How Compression, Orchestration, and LangGraph Are Redefining LLM Context Engineering

Context engineering for large language models faces a physical limit: the context window size, which restricts the number of tokens that can be processed and incurs high computational cost. Compression aims to reduce token count while preserving information fidelity and cost‑effectiveness, striking a balance between token reduction and answer quality.

1. Compression Strategies

The core goal of compression is to shrink the context before feeding it to the LLM, maximizing information density and minimizing redundant or low‑value content. Two main philosophies exist:

1.1 Abstractive Compression

Uses a smaller LLM to rewrite or summarize the original context, generating a concise version. While fluent, it may lose critical details or introduce hallucinations.

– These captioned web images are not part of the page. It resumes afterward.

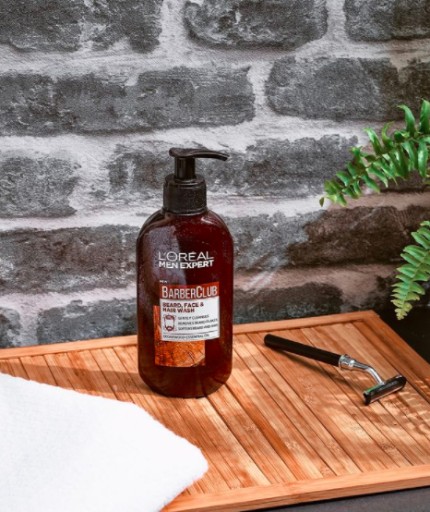 Loreal Men Expert Barber Club gél 3v1: na fúzy, tvár a vlasy 200 ml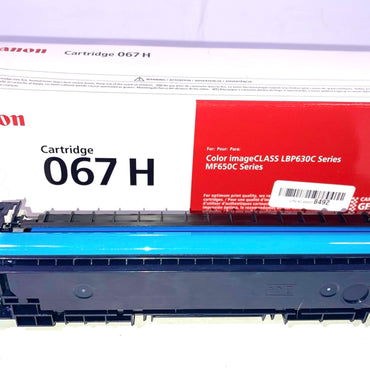 Canon Genuine 067 Cyan Toner Cartridge High Capacity for LBP633Cdw, LBP632Cdw, M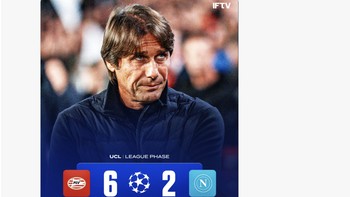 Dalam 5 laga terakhir, Napoli kalah 3 kali. Foto: X.com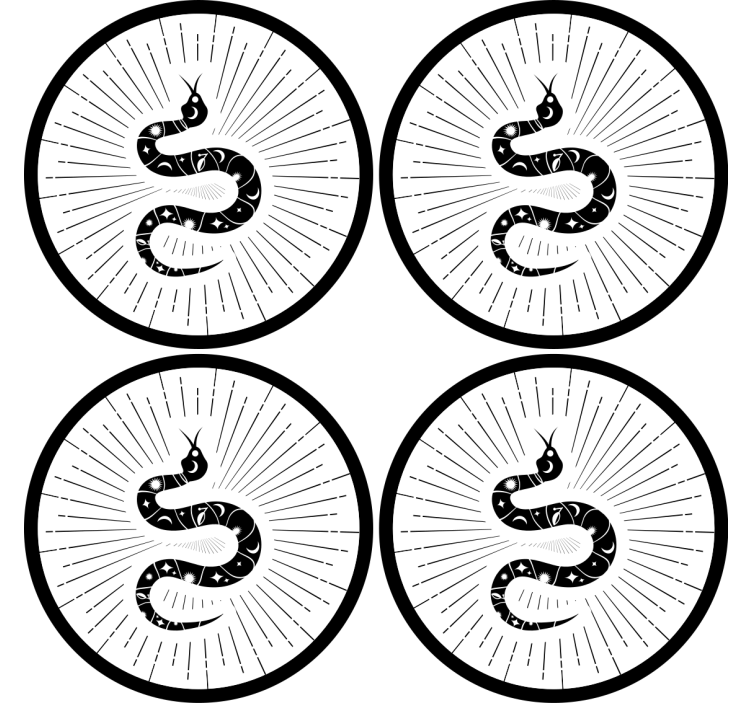 盲人怪物抽象蛇纹图案 - TenStickers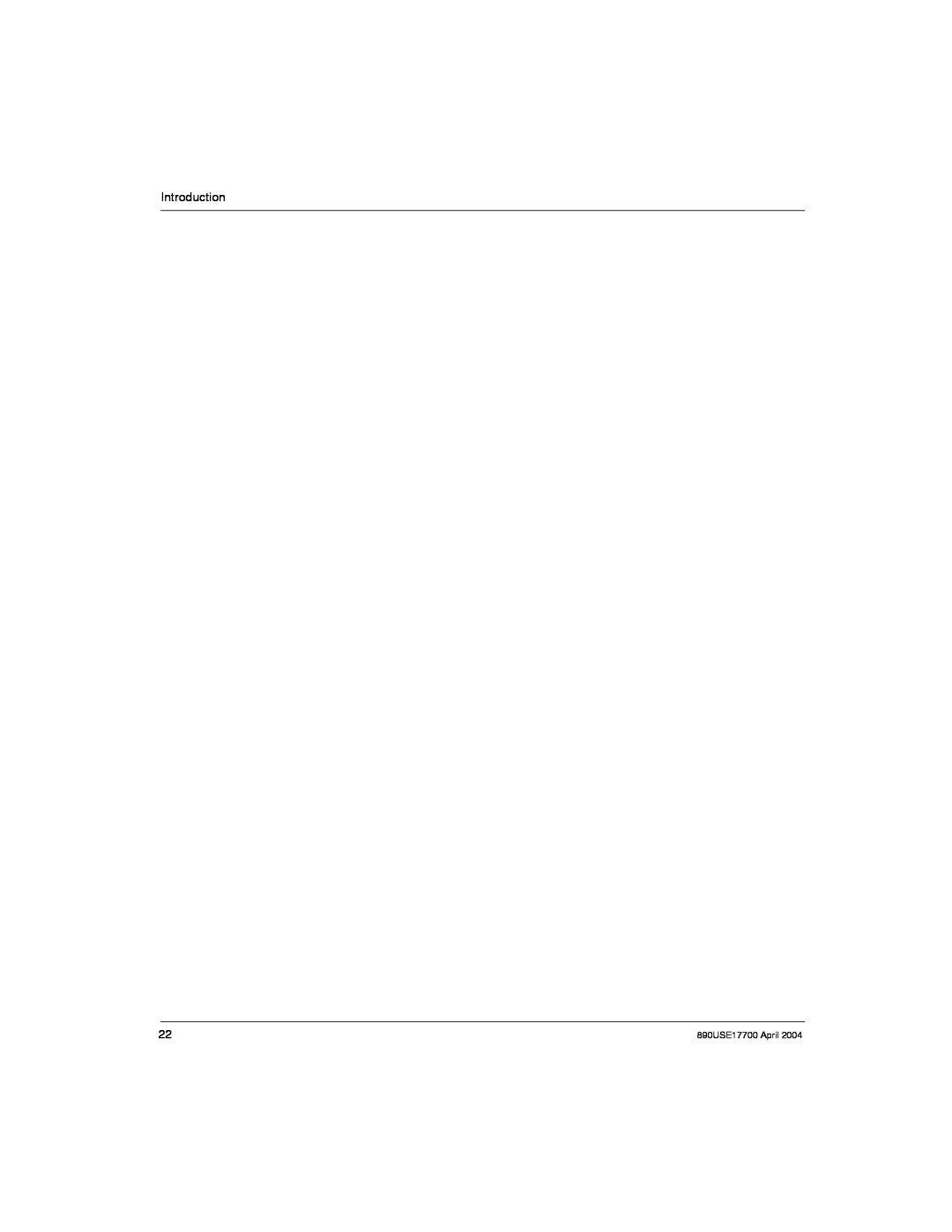 Schneider Electric manual Introduction, 890USE17700 April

1.2 Extractive Compression

Selects the most important sentences or phrases from the original text, preserving raw information and avoiding generation errors. Recent research favors extractive methods for their high fidelity.

1.3 Selective Context Compression with LLMLingua

LLMLingua (and its LongLLMLingua variant) measures sentence importance via self‑information or perplexity, ranks sentences, and keeps the top‑scoring ones according to a target compression ratio (e.g., 50%). The process involves:

Use a small model (e.g., GPT‑2) to compute perplexity for each sentence.

Set a compression ratio and select sentences with the highest information density.

Concatenate selected sentences to form the compressed context.

LLMLingua can reduce prompt length by up to 20× while maintaining or improving performance, dramatically lowering API cost and latency.

2. Orchestration (Dynamic Context Routing)

Static pipelines (retrieve → compress → generate) are inflexible. Orchestration dynamically decides which context to use, where to obtain it, and how to combine it, adapting to each request like a conductor directing an orchestra.

2.1 Context Router

A lightweight LLM acts as a router, analyzing user intent and classifying the request into predefined categories (e.g., vector_db_qa). It then routes the task to the most suitable processing path.

2.2 Agentic Orchestration

Agentic orchestration treats the system as an autonomous researcher that plans, executes tool calls, evaluates results, and iteratively refines its strategy. This multi‑step process enables complex queries such as retrieving relevant papers, extracting specific information, and performing deeper searches only when needed.

3. LangGraph for Agentic Workflows

LangGraph models an agent’s workflow as a state graph:

State : Global object that carries intermediate results and context.

Nodes : Actions such as LLM calls or tool invocations.

Edges : Conditional transitions that determine the next node based on the current state.

This structure supports loops, branches, and dynamic routing, making it ideal for building sophisticated Agentic RAG pipelines.

4. Best Practices

When implementing compression and orchestration:

Choose extractive compression for tasks requiring high factual accuracy.

Use LLMLingua or LongLLMLingua for large‑context scenarios (“Lost in the Middle” problem).

Apply a router to avoid unnecessary tool calls for simple fact‑lookup queries.

Leverage agentic orchestration for multi‑step, knowledge‑intensive tasks.

Model the workflow with LangGraph to keep the code modular, readable, and easily extensible.

By combining these techniques, systems can transition from rigid “worker” pipelines to intelligent “foreman” orchestrators that dynamically allocate resources, reduce latency, and improve answer quality.